As I’m in the throes of internet dating myself, I took the opportunity to ask a variety of women for their views on what constitutes a bad first-date conversation. The results won’t come as much of a surprise: monopolising the conversation by boasting or rambling on about your ex isn’t likely to endear you to the date of your dreams.

The key is to ask open questions - and listen to the answers. Of course, it’s fine to chip in with your own experiences, but a conversation is a two-way process and if she hasn’t said anything for a while then you’re probably talking too much.
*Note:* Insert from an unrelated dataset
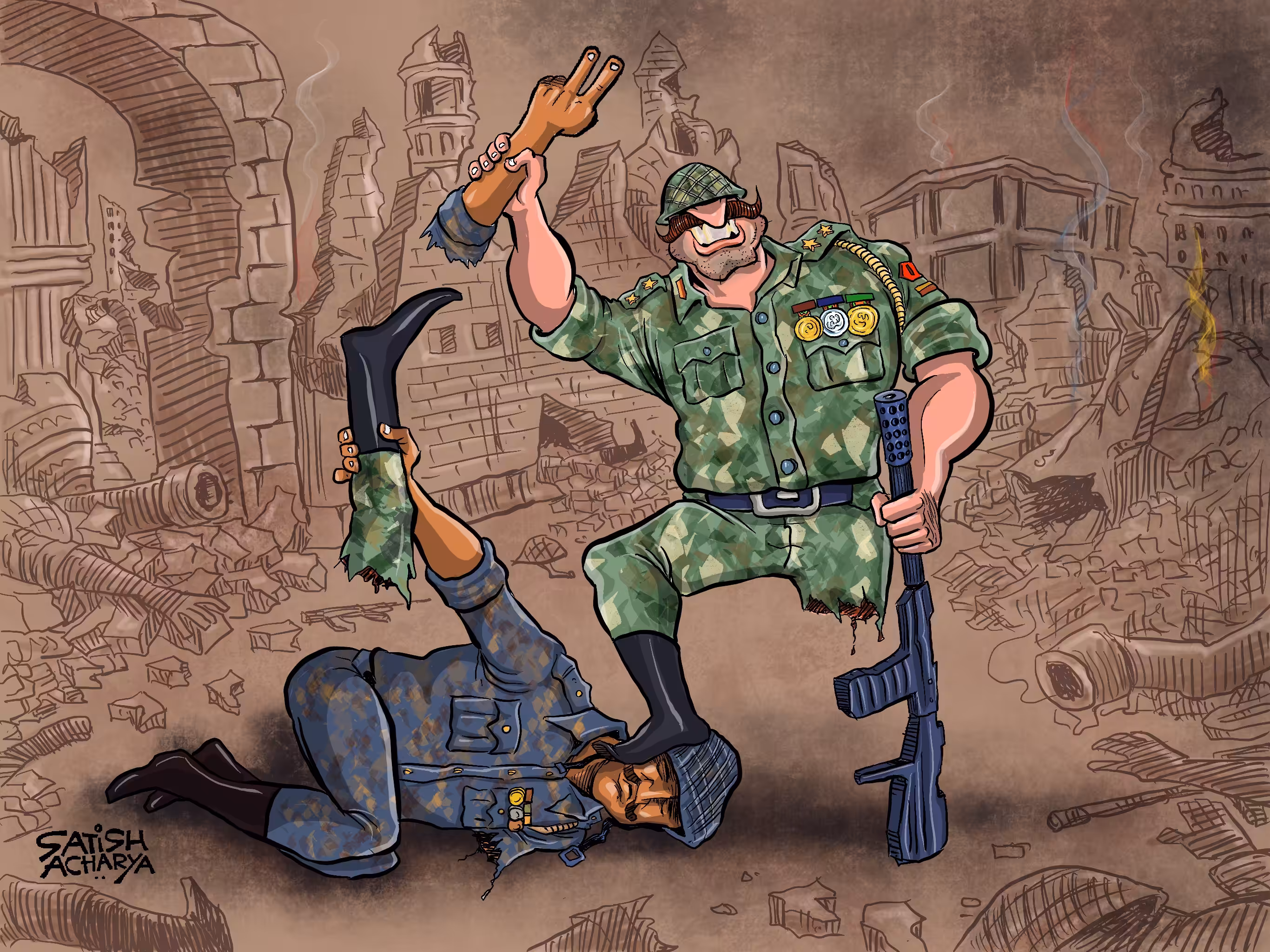 STOP WAR- the winner always loses.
Try asking her what makes her happy, or the last time she belly laughed, or where she calls home. Take it slowly and don’t be in a hurry; you need to concentrate rather than just keeping schtum until you can ask the next question. Being relaxed is important and if you’re rushing through a list of questions it’ll seem more like an interview than a date!

Endearments like ‘love’ and ‘darling’ aren’t appropriate, either; it’s not the 1970s anymore. And innuendo rarely works among two strangers, so try to keep your inner Sid James under control, won’t you?

Don’t be afraid of awkward silences. If the conversation falters, why not slip in a sincere compliment? If you’re anything like me you’ll be agonising as to when to say it, so a lull gives you the perfect opportunity. Keep it light though; you don’t want to scare her away.

How to give a sincere compliment

Sometimes it all comes together and you find the conversation flows so easily that you’re the last to leave. In a situation like that, the only thing to say is “I’ve had a fabulous time; do you fancy doing it again?”